Georgia jails top opposition leader for four and a half years

 A court in ex-Soviet Georgia on Friday sentenced a top opposition leader to four and a half years in jail for misspending public funds, a charge he denounced as trumped-up and politically motivated.

Tbilisi: A court in ex-Soviet Georgia on Friday sentenced a top opposition leader to four and a half years in jail for misspending public funds, a charge he denounced as trumped-up and politically motivated.

The verdict came a day after Gigi Ugulava -- former mayor of the capital Tbilisi and an ally of ex-president Mikheil Saakashvili -- was released from custody following the Constitutional Court`s ruling that his 14-month pre-trial detention was "illegal".

The original sentence was a nine-year jail term, but it was halved due to the terms of an amnesty act passed by Georgia`s parliament in 2012 which covers both the crime Ugulava was charged with, and the period during which they were committed.

Judge Lasha Chkhartishvili found Ugulava guilty of the fictitious employment of hundreds of activists from Saakashvili`s party in the Tbilisi municipality but acquitted him, along with former defence minister David Kezerashvili -- who was standing the same trial in absentia -- on money laundering charges.

Ugulava`s lawyer Beka Basilaia denounced the verdict as part of "the government`s witch-hunt against political opponents".

"We will appeal the illegal and politically motivated verdict to a higher court," Basilaia told AFP. "There is no proof whatsoever of my client`s guilt."

Ugulava, 40, is one of over a dozen former top officials prosecuted after his fiercely pro-Western United National Movement (UNM) party lost legislative elections to the current ruling Georgian Dream coalition in 2012.

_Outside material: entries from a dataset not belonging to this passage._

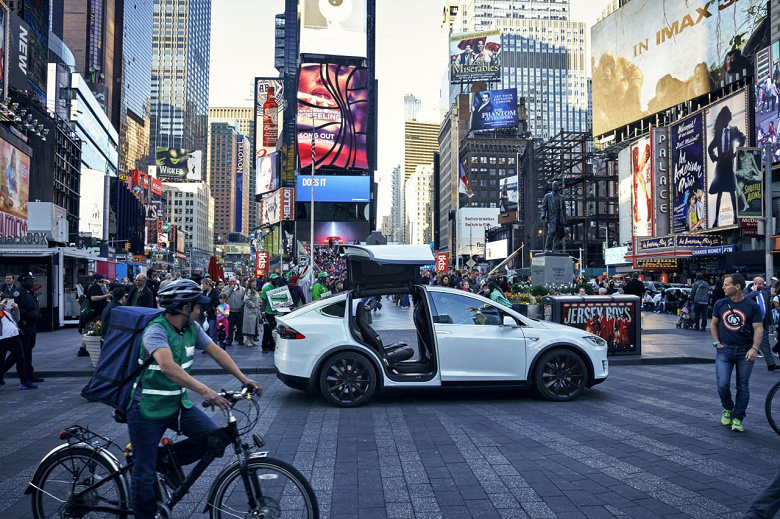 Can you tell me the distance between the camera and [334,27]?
83375 mm

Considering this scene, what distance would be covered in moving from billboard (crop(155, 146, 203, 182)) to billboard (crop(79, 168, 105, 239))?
90.1 m

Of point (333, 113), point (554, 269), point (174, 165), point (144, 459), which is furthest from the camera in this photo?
point (174, 165)

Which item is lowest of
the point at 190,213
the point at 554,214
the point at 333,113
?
the point at 554,214

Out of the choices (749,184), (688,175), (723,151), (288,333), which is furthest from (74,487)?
(688,175)

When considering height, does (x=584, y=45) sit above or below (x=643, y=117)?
above

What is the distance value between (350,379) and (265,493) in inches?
180

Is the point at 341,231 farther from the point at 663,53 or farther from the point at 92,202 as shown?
the point at 663,53

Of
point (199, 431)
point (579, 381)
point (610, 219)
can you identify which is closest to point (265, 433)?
point (199, 431)

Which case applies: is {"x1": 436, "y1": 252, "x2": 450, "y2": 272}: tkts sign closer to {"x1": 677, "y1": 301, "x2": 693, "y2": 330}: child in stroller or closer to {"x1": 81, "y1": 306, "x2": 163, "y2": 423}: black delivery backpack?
{"x1": 677, "y1": 301, "x2": 693, "y2": 330}: child in stroller

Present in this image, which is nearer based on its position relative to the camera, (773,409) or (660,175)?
(773,409)

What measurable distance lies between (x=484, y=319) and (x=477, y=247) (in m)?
A: 109

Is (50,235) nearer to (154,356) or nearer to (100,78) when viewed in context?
(154,356)

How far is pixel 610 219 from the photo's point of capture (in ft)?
235

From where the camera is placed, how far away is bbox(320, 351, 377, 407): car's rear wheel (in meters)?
8.01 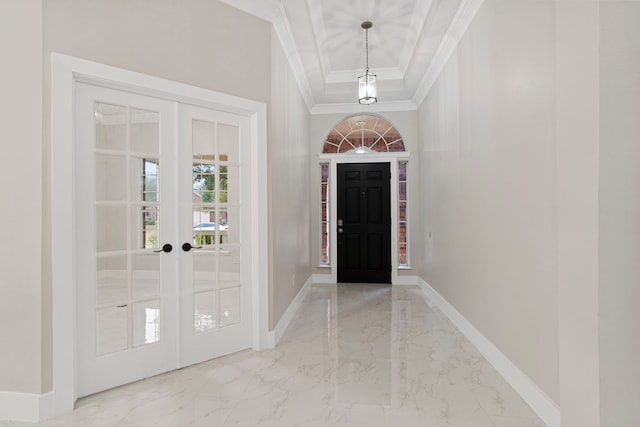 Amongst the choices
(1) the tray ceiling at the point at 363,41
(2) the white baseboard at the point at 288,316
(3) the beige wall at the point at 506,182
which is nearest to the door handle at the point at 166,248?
(2) the white baseboard at the point at 288,316

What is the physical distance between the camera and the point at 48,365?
1984 mm

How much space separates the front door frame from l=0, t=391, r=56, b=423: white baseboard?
4128mm

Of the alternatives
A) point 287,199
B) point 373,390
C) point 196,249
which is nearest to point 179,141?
point 196,249

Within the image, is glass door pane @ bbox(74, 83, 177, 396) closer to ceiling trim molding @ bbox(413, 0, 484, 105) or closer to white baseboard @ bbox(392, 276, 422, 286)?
ceiling trim molding @ bbox(413, 0, 484, 105)

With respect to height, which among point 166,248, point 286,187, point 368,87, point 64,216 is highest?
point 368,87

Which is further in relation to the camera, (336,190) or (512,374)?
(336,190)

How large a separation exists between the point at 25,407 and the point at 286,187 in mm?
2643

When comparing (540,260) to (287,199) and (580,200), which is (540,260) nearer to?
(580,200)

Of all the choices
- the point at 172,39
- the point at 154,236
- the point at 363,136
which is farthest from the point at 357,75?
the point at 154,236

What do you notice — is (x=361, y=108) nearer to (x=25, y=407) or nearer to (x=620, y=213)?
(x=620, y=213)

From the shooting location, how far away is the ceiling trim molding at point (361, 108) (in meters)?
5.47

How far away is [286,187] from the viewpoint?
3746 millimetres

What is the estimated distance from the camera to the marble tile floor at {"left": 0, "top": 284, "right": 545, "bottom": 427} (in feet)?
6.44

Ugulava and his lawyers refused to enter the courtroom to listen the verdict in protest against what he claimed was a "farce trial and a chronicle of a jailing foretold".

Hugging his two teenage daughters, Ugulava delivered an emotional speech, standing on the staircase of the court building in Tbilisi as hundreds of supporters chanted his name.

He said his fresh imprisonment was a foregone conclusion and accused Georgia`s former premier and billionaire tycoon Bidzina Ivanishvili of orchestrating his prosecution.

Before bailiffs escorted him to custody, Ugulava vowed to defeat the Georgian Dream in the next parliamentary elections, saying that "2016 is the maximum term for Ivanishvili to stay in power".

Ivanishvili stepped down in 2013 and chose his protege Irakli Garibashvili to take over as premier, but it is widely believed that the tycoon continues to wield power behind the scenes over the tiny Caucasus nation of 3.7 million people.

Arrests of former top Saakashvili officials -- including ex-prime minister Vano Merabishvili -- for alleged wrongdoing prompted warnings from the West over selective justice and the perceived persecution of political opponents.

During his tenure as the mayor of Tbilisi, charismatic Ugulava led major infrastructure projects and social reforms which saw a dramatic improvement in living standards in the Georgian capital.